2. If someone is selling you something, don’t buy it
Spier points out that the human brain is likely to not make rational decisions when dealing with a well-argued pitch from a gifted salesperson. He suggests adopting a no-exceptions no-sales policy when it comes to investments. He says: "I adopted a simple rule that has proved extraordinarily beneficial. When people call to pitch me anything at all, I reply in as a pleasant a manner as possible, “I’m sorry. But I have a rule that I don’t allow myself to buy anything that’s being sold to me.
3. Avoid speaking to management
Although it sounds counter-intuitive, Spier says he avoids speaking with the management of the companies he researching.
He argues: "The trouble is, senior managers—particularly CEOs—tend to be skilled salespeople. No matter how their business is performing, they have a gift for making the listener feel optimistic about the company’s prospects... Knowing my own rational limitations, I’d prefer not to expose myself to this potentially distorting influence."

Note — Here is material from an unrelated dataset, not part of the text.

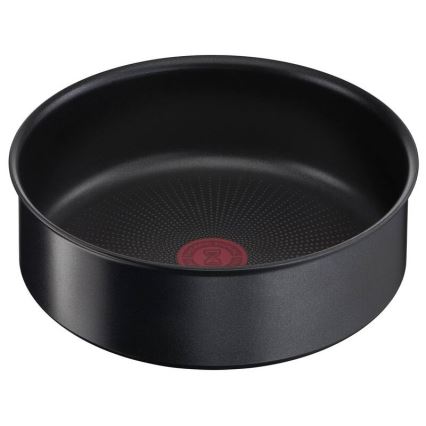 Tefal - Juego de vajilla 10 pz INGENIO DAILY CHEF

4. Do your investment research in the right order
Guy Spier says the best place to start your investment research is by looking at the firm’s public filings, especially the annual report, 10-K, 10-Q, and proxy statement. He points out that these documents are not sufficient in themselves, but they do provide a lot of valuable information you can rely on, especially for U.S.-based companies.
It is also very important to carefully read the accountant’s audit letter as it can provide a hint of potential problems.
Following a thorough review of corporate filings, Spier says he then starts to look over "less objective corporate documents, such as earnings announcements, press releases and transcripts of conference calls."
5. Avoid discussing your investment ideas with biased people
Spier says bouncing your investment ideas off of others is important, but your need to be careful who you choose to share with. He suggests you: "Pool your knowledge with other investors, but stick with those people who can keep their ego in check."
6. Do not buy or sell stocks during market hours
Another one of Spier's investing rules (inspired and shared by Mohnish Pabrai) is to not trade stocks during regular market hours. He says the best plan (under most circumstances) is to call up your broker the day before you want to buy or sell stock and request to trade the stock at the average price for the upcoming day.
7. Do not sell after a big drop
Spier rightly points out that selling a stock that has taken a big hit is "emotionally fraught". He says he follows a rule to deal with the psychological forces aroused in these situations that Pabrai pioneered: If he buys a stock and it goes down big, he will not sell it for at least two years. Spier argues that this "rule acts as a circuit breaker, a way to slow me down and improve my odds of making rational decisions."
8. Avoid talking about your current investments
Experience is the best teacher, and Spier said he's learned it is "a bad idea to speak publicly about stocks that I own. Once we’ve made a public statement, it’s psychologically difficult to back away from what we’ve said—even if we’ve come to regret that opinion."
9. Develop your own investing checklist
Guy Spier says that that most investors need a written checklist to stop them from making the same mistakes. In fact, he spends an entire chapter in his book developing the idea of a personal investing checklist.
A list of all the investing mistakes that you have made in the past is a good starting place. Afterwards, every time you consider buying or selling a stock, carefully review your list to be sure you are not going to make the same mistake again.
Spier describes his version of an investing checklist: "A checklist is not a shopping list of the desirable attributes that we’re looking for in a business. It’s a list of predictable errors. My checklist includes items like: Is a top executive going through a tough time personally that might cloud his or her judgment? Is there a key part of the company’s value chain that is vulnerable? Is the stock cheap, not just based on what I think will happen in the future, but on where it is trading today?"